Penn State’s coaching search sits at the center of college football’s most chaotic hiring cycle in decades, and the next move could reshape the sport
Penn State’s coaching search headlines the most chaotic carousel college football has ever seen, with nearly 40 FBS jobs in play and blue-blood programs battling for the next generation of leadership.
Penn State didn’t just fire a head coach midseason; it lit the fuse for what could become the most unpredictable coaching carousel in college football history.
With nearly 40 FBS jobs projected to open by the end of 2025, the Nittany Lions find themselves at the epicenter of a market moving faster than anyone anticipated. And in a cycle where timing, perception, and NIL fluency matter as much as résumés, Penn State’s decision won’t just define its own future, but could set the tone for every hire that follows.
What Penn State inherited after Franklin’s exit
This isn’t a rebuild. Penn State didn’t fire James Franklin because the program was broken. It fired him because the ceiling felt too low.
Franklin left behind elite facilities, strong recruiting pipelines across the Northeast, and a roster still capable of competing in an expanded Big Ten. The infrastructure is sound. The brand is national. The fanbase is engaged. The problem wasn’t talent or resources, but trajectory.
Now, athletic director Pat Kraft faces a question that’s bigger than Xs and Os: who can modernize Penn State without losing what makes it Penn State?

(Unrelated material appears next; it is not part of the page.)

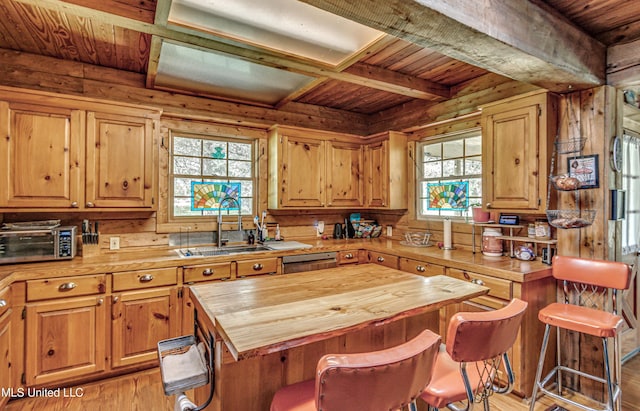 106 Mcwilliams Dr, Terry, MS 39170 - kitchen featuring wood counters, a sink, wood ceiling, light wood-style flooring, and beamed ceiling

The list of potential coaching candidates is sprawling. Brian Hartline, Ohio State’s offensive coordinator and one of the best recruiters in the country, has emerged as a serious name despite never being a head coach. Mike Elko has turned Texas A&M into a playoff contender, though insiders doubt he’d leave College Station for a Big Ten program he’d have to compete against annually. Marcus Freeman and Jeff Brohm have been floated in industry circles, but neither feels realistic given their current situations at Notre Dame and Louisville.
Then there’s Lane Kiffin — the name everyone’s watching. Ole Miss is 7-1 and headed toward the playoff, and Kiffin is widely considered the “belle of the ball” this cycle. But Penn State can’t afford to wait until December if Kiffin goes on a run. Neither can LSU, Florida, or Auburn — all of which are also searching.

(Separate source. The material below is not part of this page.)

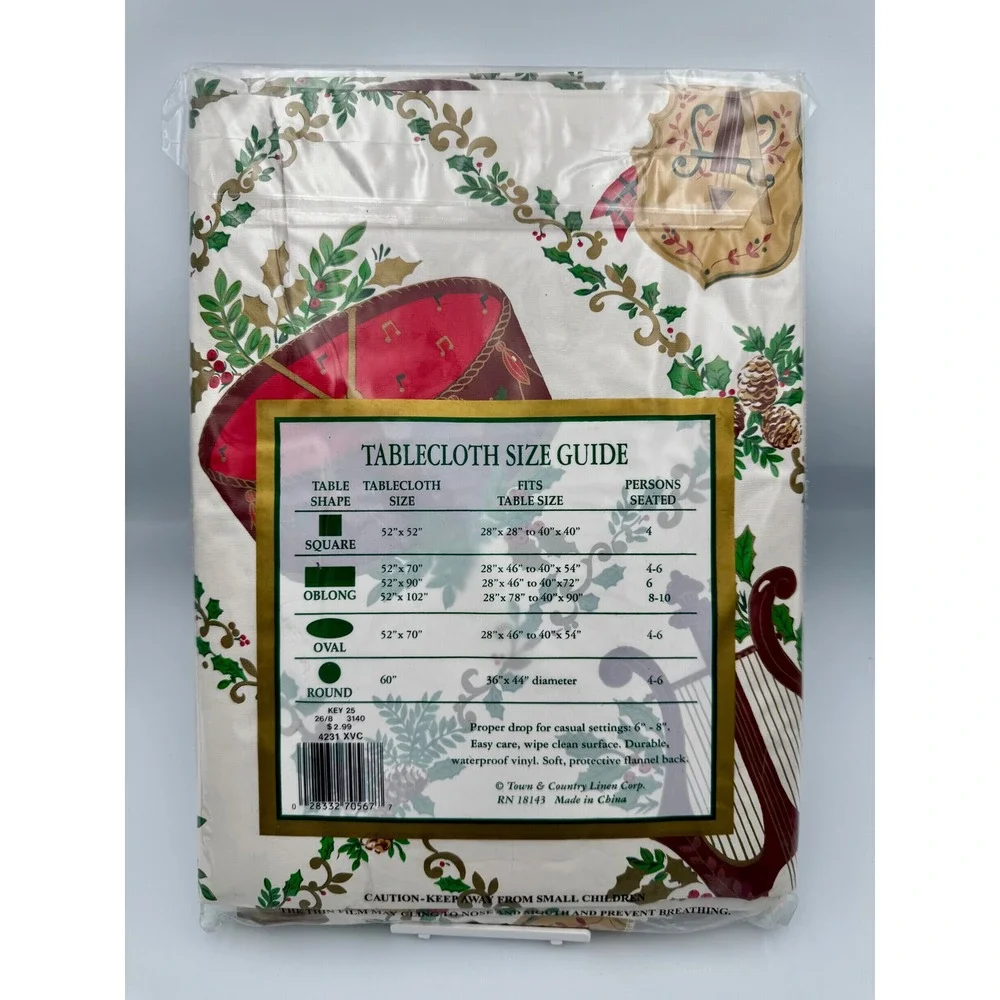VTG Town & Country Christmas Vinyl Tablecloth 52x90 Oblong Horn Holly Bow NOS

There’s a major timing problem
The compressed timeline is what makes this cycle so volatile. Penn State fired Franklin in late October, giving itself a head start on the market. That should be an advantage. But in a year where a third of the FBS could be hiring, the competition for top-tier names will be ruthless.
Coaches still in playoff contention can’t interview until their seasons end. Schools that wait risk losing candidates to programs that move faster. And candidates who are serious about the job have to balance publicly supporting their current teams while privately exploring their next move.

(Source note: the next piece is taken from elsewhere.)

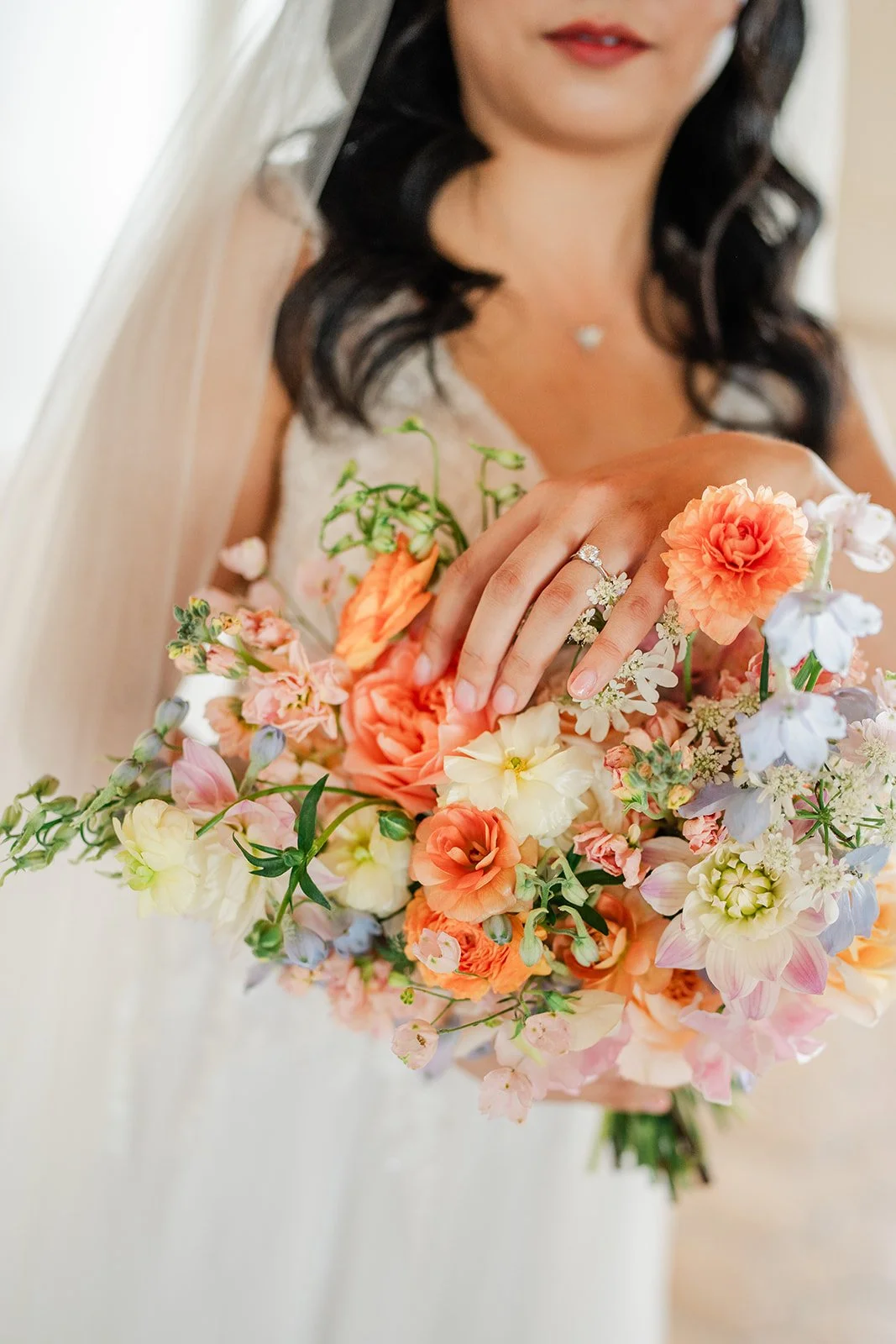 Close up of the bride's bouquet of peach dahlias, roses and soft blue blooms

Penn State has leverage others don’t: a 106,000-seat stadium, improving NIL infrastructure under Kraft, and a Big Ten TV deal that rivals any SEC powerhouse financially. But leverage only matters if the program moves decisively.
Why this hire matters beyond State College
Franklin’s departure has already triggered movement across the sport. His name has surfaced at Virginia Tech and Florida. Agents and coordinators are positioning themselves for openings that haven’t even been announced yet. And every program with a coach worth poaching is bracing for the call.
When Penn State makes its hire, it’ll set off the next domino. This isn’t just about who Penn State hires. It’s about who everyone else hires because of what Penn State does. If Penn State lands Kiffin, Ole Miss enters the market. If it poaches Elko, Texas A&M starts searching. If it swings for Hartline, Ohio State scrambles to promote from within or raid another staff.
What comes next for Penn State
Penn State sits at 3-5 under interim coach Terry Smith, still grinding through a brutal Big Ten schedule. The administration has made it clear that this search won’t be rushed, but in a cycle this chaotic, patience is a luxury no one can afford.
The right hire could elevate Penn State into consistent playoff contention, transforming the program from a once-a-decade contender into one that expects to compete for championships every year. The wrong hire extends the ceiling Franklin couldn’t break through.
In a season where the coaching carousel feels like free agency on steroids, Penn State holds the keys to everything that comes next. The decision won’t just define the Nittany Lions’ future. It could reset the entire power structure of college football.